Visually, Gore Verbinski's Rango is so stunning and clever that you can almost forgive it for the fact that, really, it's just not very funny.
But then you get bogged down in one of those patches where the characters are talking but not saying anything particularly witty. And while that gives you time to really focus on the intensely photorealistic computer animation, it also allows you to be taken out of the movie itself long enough to wish that screenwriter John Logan had a few comedy chops. Just a few.
Verbinski directed the very funny Mouse Hunt and the weak Pirates of the Caribbean series (the first one was OK and they went downhill from there). He and Logan have come up with a spoof of westerns here that has echoes of everything from High Noon to Chinatown, from the fairy tale "Jack the Giant Killer" to Sergio Leone.

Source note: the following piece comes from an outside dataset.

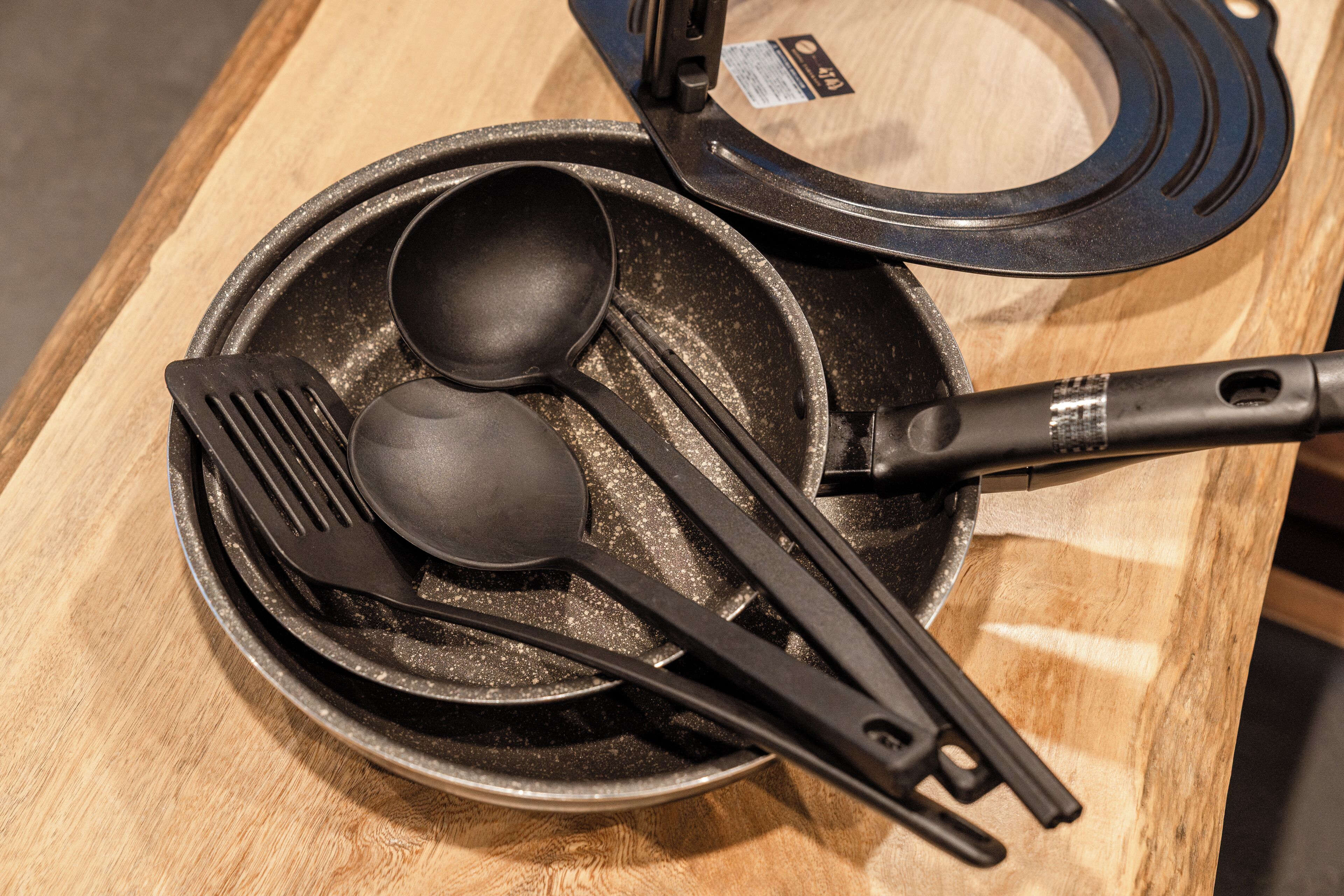A set of black kitchen utensils on a wooden table.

Yet as knowing as the film is, it's never particularly witty. Even the slapstick, which starts out strong, descends into mere freneticism. Verbinski wants to be Chuck Jones and Clint Eastwood at the same time, but he is neither.
Johnny Depp voices the title character, initially a nameless pet chameleon suffering an identity crisis in his glassed-in terrarium. He puts on self-created theatricals in his glass box, surrounded by his "friends": a plastic palm tree, a wind-up toy fish and a dead bug.
Then his world is turned upside-down -- literally. His home happens to be in the back of a car traveling through the Mojave Desert -- and when his owner swerves to avoid an armadillo that is crossing the highway, the terrarium goes flying out the unsecured hatchback. The chameleon winds up in the desert, eventually wandering into a small town called Dirt.
By fluke and accident, he quickly becomes a town hero, naming himself Rango and defeating a hawk that preys on the rodents and reptiles that populate Dirt. He's named sheriff, only to discover that the town is on the brink of extinction for lack of water. Why the water has disappeared is a mystery, one that Rango spends the rest of the film trying to solve.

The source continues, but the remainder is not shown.